● **Work to be completed**:
Print the entries exactly; no image belongs in the copy.

★ ★ ★ ★ ★ ★ ★

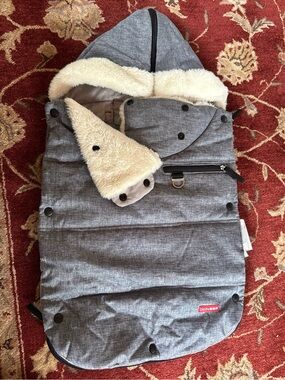Skip Hop Baby Infant STROLL & GO Car Seat Cover  Heather Gray Sherpa Bag Sleep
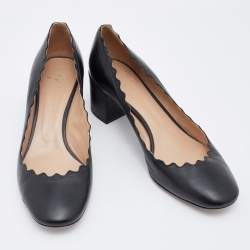 Pre Owned Chloe Black Leather Lauren Scallop Trim Block Heel Pumps Size 38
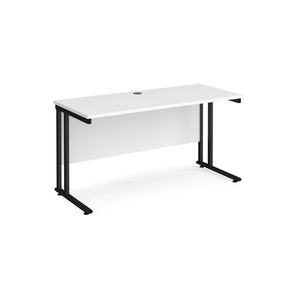 Maestro Slimline 1400 White Black Office Desk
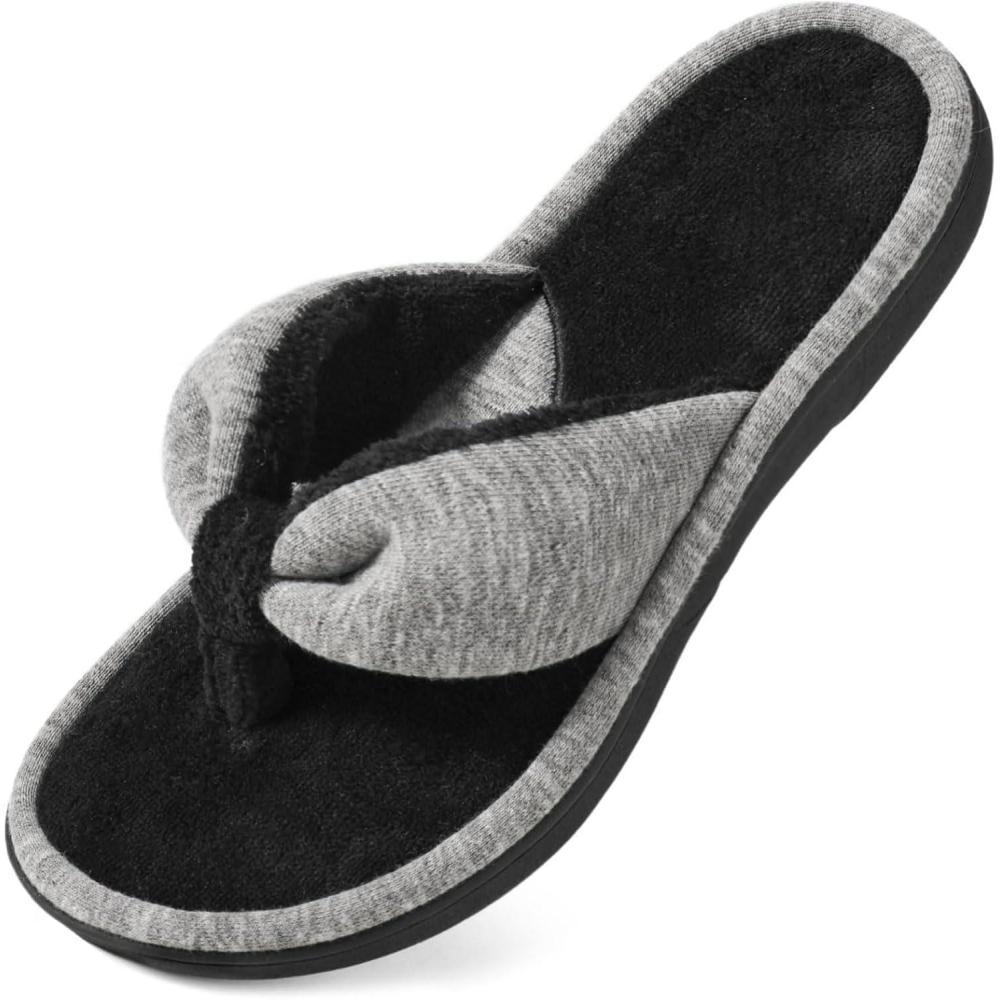 Wishcotton Women’s Memory Foam Spa Thong Flip Flops Cozy Indoor Slippers, Ladies Summer Lightweight Open Toe House Sandals(Grey)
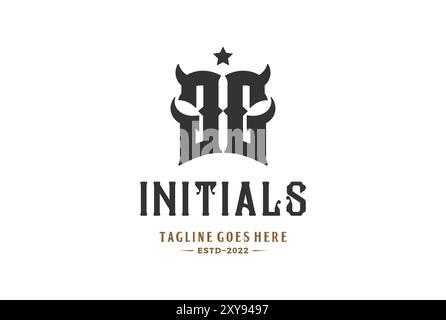 Vintage Initial Letter GG Type Text Font Word Typography Logo Design Stock Vector
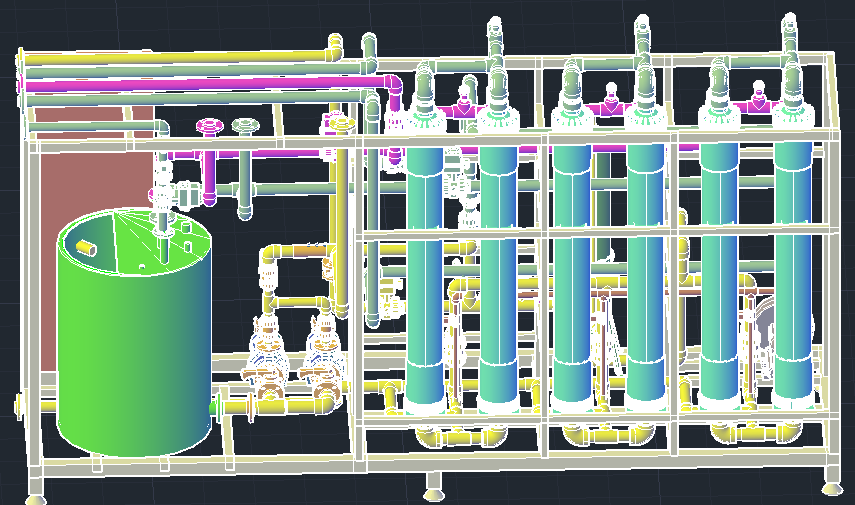 3D Piping and Filtration System Plan in AutoCAD File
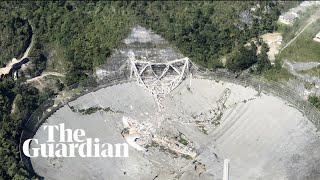 Drone footage shows giant Arecibo Observatory collapsing in Puerto Rico [upl. by Rhodia]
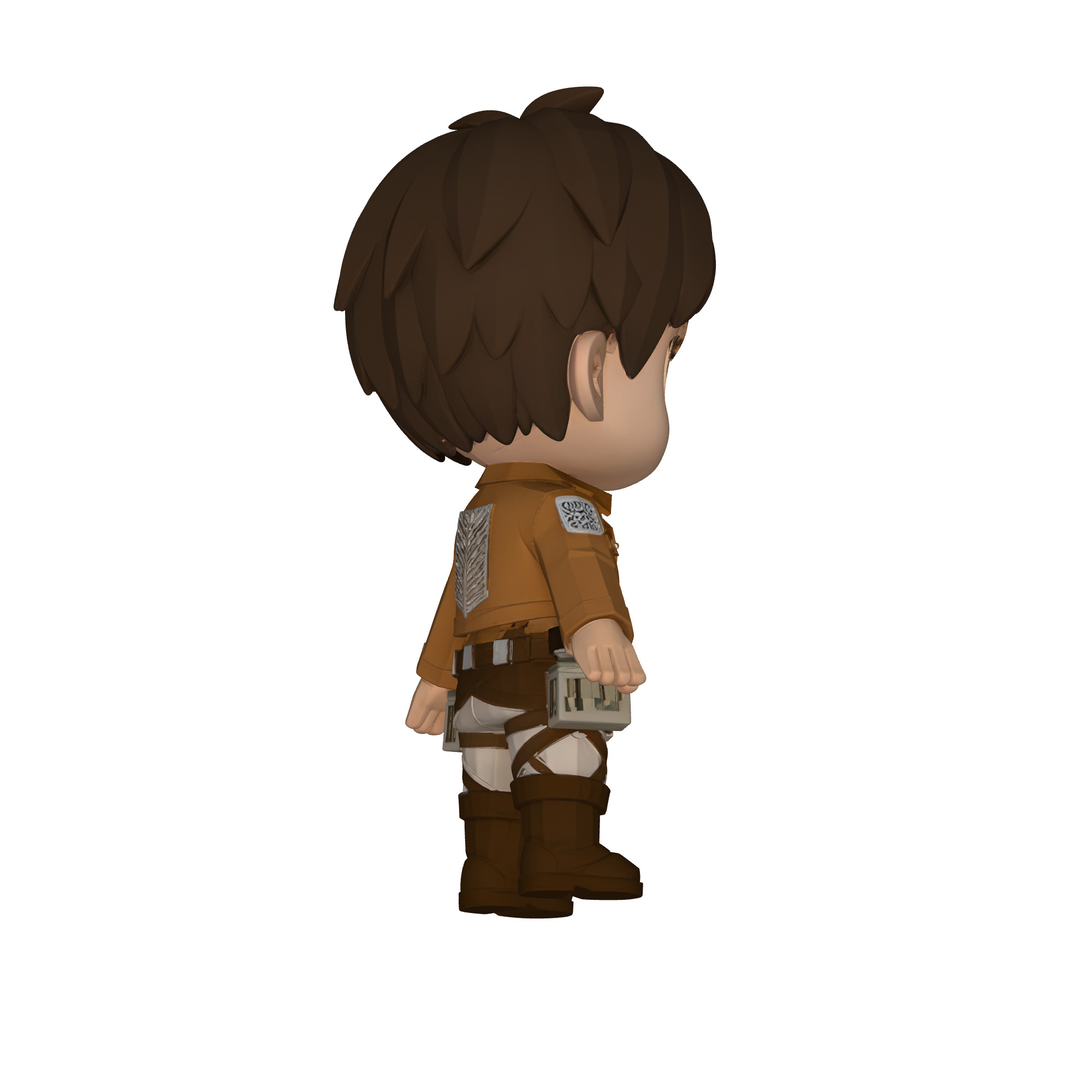Chibi Eren Yeager AOT - Anime  Attack on Titan  Low-poly 3D model_2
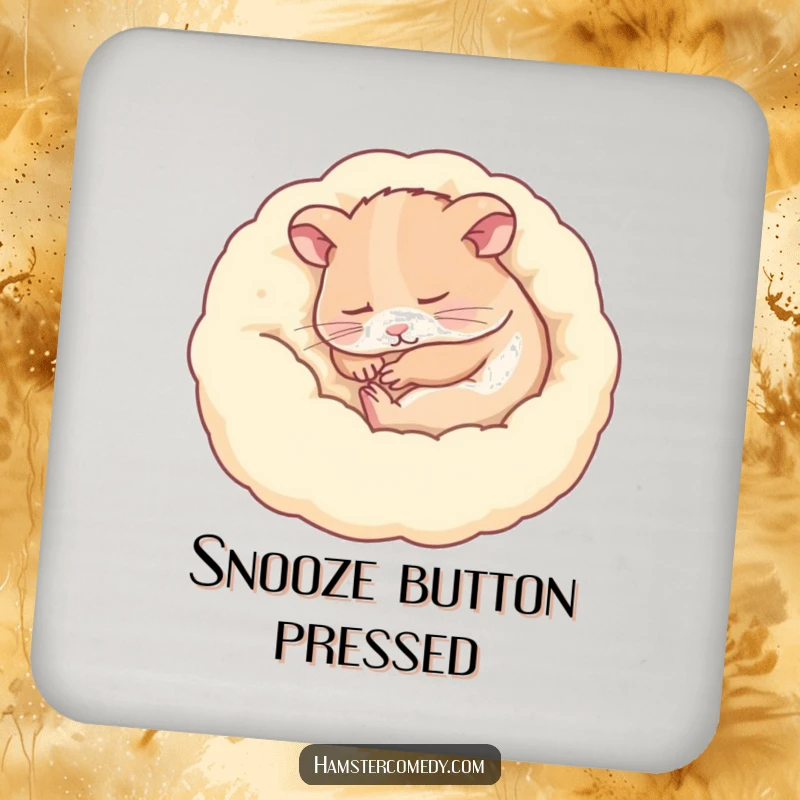 Funny hamster sleeping peacefully, serene expression, humorous drink coaster, perfect funny gift.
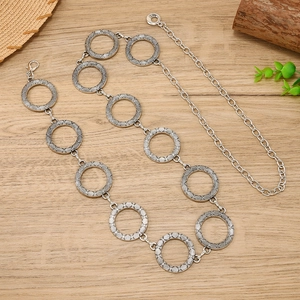 Retro silver metal waist chain with engraved hollow circles and adjustable lobster clasp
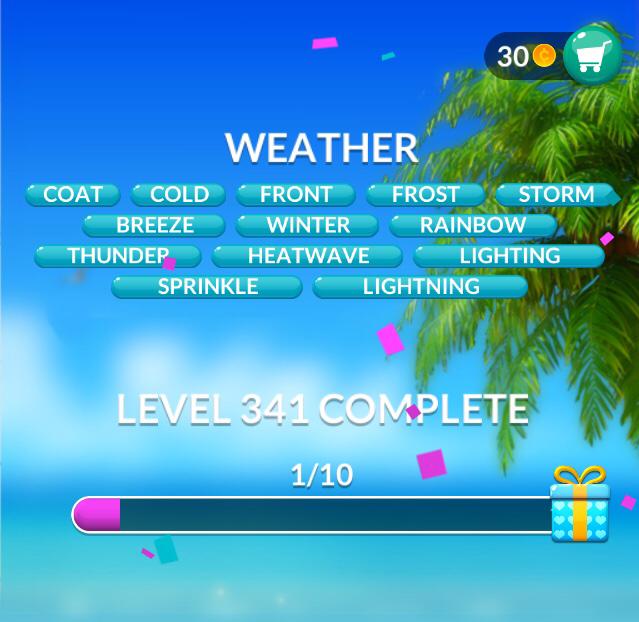 Word Stacks Level 341 Weather Answers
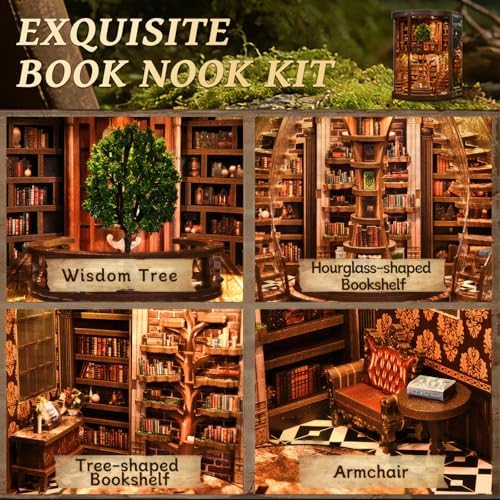 DIY Book Nook Kit, 3D Wooden Puzzle Miniature House Kit Adult, Library - Image 3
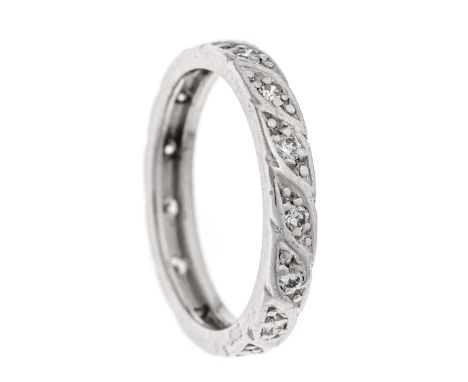 Eternity-Ring WG 585/000 mit 15 Brillanten, zus. 0,15 ct W/SI, RG 51, 3,1 g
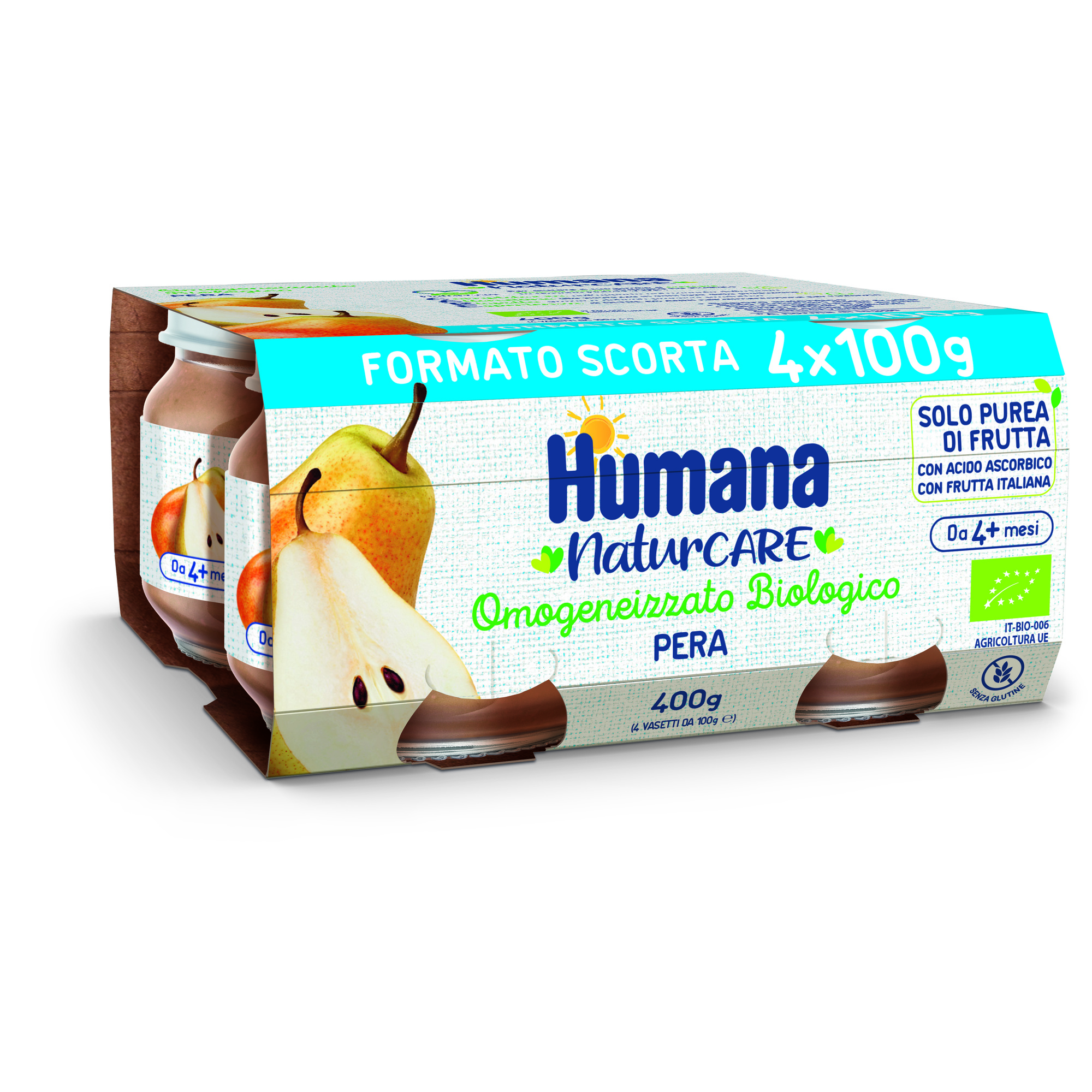Humana Omogeneizzato Pera Bio 4x100 g dal 4° mese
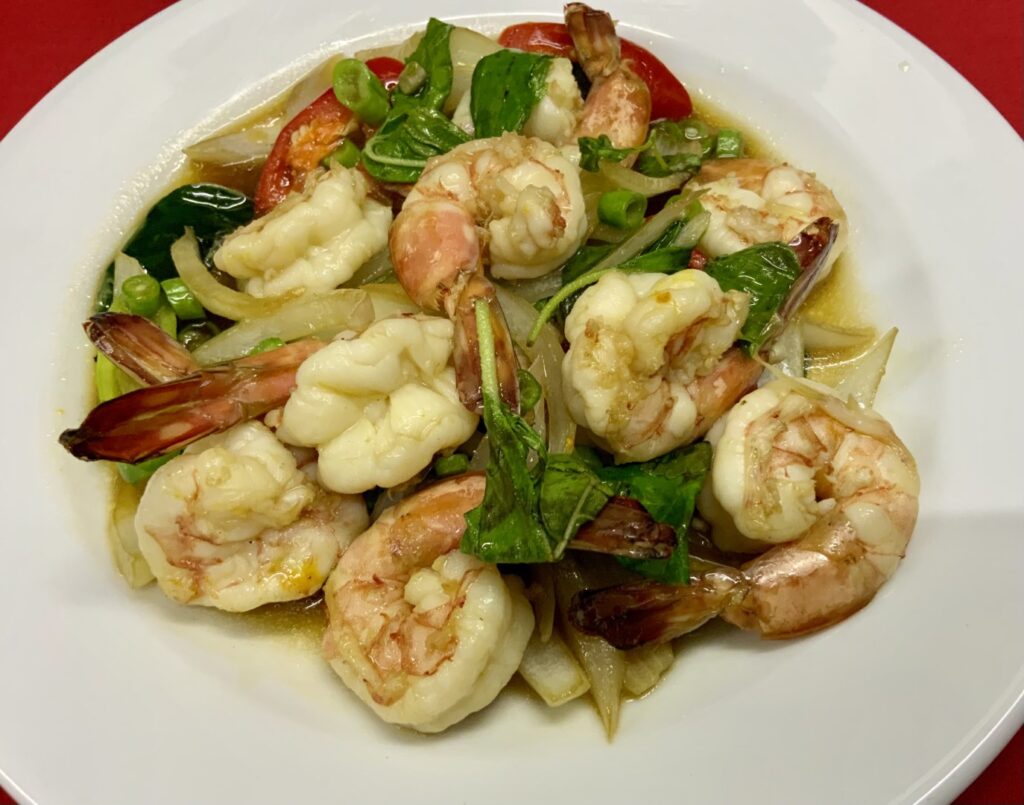 Stir Fried Prawns With Basil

★ ★ ★ ★ ★ ★ ★

● **Task answer**:
Skip Hop Baby Infant STROLL & GO Car Seat Cover  Heather Gray Sherpa Bag Sleep
 Pre Owned Chloe Black Leather Lauren Scallop Trim Block Heel Pumps Size 38
 Maestro Slimline 1400 White Black Office Desk
 Wishcotton Women’s Memory Foam Spa Thong Flip Flops Cozy Indoor Slippers, Ladies Summer Lightweight Open Toe House Sandals(Grey)
 Vintage Initial Letter GG Type Text Font Word Typography Logo Design Stock Vector
 3D Piping and Filtration System Plan in AutoCAD File
 Drone footage shows giant Arecibo Observatory collapsing in Puerto Rico [upl. by Rhodia]
Chibi Eren Yeager AOT - Anime  Attack on Titan  Low-poly 3D model_2
 Funny hamster sleeping peacefully, serene expression, humorous drink coaster, perfect funny gift.
 Retro silver metal waist chain with engraved hollow circles and adjustable lobster clasp
 Word Stacks Level 341 Weather Answers
 DIY Book Nook Kit, 3D Wooden Puzzle Miniature House Kit Adult, Library - Image 3
 Eternity-Ring WG 585/000 mit 15 Brillanten, zus. 0,15 ct W/SI, RG 51, 3,1 g
Humana Omogeneizzato Pera Bio 4x100 g dal 4° mese
 Stir Fried Prawns With Basil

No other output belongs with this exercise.